Exercise objective -> Your task is to filter the data below down to the lines holding "dining".

Items from a dataset:
++++++

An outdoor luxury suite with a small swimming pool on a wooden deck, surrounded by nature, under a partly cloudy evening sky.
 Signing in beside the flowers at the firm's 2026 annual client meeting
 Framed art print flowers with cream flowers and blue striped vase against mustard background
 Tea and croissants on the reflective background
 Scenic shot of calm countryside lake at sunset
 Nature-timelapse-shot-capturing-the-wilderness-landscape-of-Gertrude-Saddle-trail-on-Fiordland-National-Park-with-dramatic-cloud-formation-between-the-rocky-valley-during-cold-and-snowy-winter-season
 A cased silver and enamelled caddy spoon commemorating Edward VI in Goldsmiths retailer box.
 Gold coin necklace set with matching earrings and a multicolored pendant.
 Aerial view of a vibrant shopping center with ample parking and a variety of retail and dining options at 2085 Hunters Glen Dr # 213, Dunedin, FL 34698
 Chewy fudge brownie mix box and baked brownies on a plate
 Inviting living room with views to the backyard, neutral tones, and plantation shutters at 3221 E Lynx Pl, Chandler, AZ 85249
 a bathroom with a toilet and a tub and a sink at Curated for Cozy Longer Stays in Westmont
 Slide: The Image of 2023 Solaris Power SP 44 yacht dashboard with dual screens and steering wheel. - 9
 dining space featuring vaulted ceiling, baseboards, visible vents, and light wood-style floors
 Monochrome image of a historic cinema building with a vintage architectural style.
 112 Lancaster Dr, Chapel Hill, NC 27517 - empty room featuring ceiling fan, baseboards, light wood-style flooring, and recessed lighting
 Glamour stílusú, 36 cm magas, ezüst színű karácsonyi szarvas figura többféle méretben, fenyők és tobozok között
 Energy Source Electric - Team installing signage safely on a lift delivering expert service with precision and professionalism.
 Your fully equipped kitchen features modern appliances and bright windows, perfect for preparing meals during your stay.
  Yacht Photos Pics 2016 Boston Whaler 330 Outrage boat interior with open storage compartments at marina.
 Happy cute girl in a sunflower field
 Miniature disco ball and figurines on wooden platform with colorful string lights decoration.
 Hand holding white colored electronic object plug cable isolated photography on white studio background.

++++++

Solution for this problem ->
 Aerial view of a vibrant shopping center with ample parking and a variety of retail and dining options at 2085 Hunters Glen Dr # 213, Dunedin, FL 34698
 dining space featuring vaulted ceiling, baseboards, visible vents, and light wood-style floors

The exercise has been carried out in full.